(Stored entries)
►

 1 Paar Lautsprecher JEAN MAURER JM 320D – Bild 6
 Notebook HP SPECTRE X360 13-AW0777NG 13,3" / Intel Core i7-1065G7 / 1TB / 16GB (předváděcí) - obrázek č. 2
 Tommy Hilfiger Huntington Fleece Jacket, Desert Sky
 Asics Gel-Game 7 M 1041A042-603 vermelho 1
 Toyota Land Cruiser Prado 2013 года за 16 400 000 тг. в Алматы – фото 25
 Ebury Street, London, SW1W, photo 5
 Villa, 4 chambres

◄

Type the records again in full, matching them exactly.

● Written reply:
 1 Paar Lautsprecher JEAN MAURER JM 320D – Bild 6
 Notebook HP SPECTRE X360 13-AW0777NG 13,3" / Intel Core i7-1065G7 / 1TB / 16GB (předváděcí) - obrázek č. 2
 Tommy Hilfiger Huntington Fleece Jacket, Desert Sky
 Asics Gel-Game 7 M 1041A042-603 vermelho 1
 Toyota Land Cruiser Prado 2013 года за 16 400 000 тг. в Алматы – фото 25
 Ebury Street, London, SW1W, photo 5
 Villa, 4 chambres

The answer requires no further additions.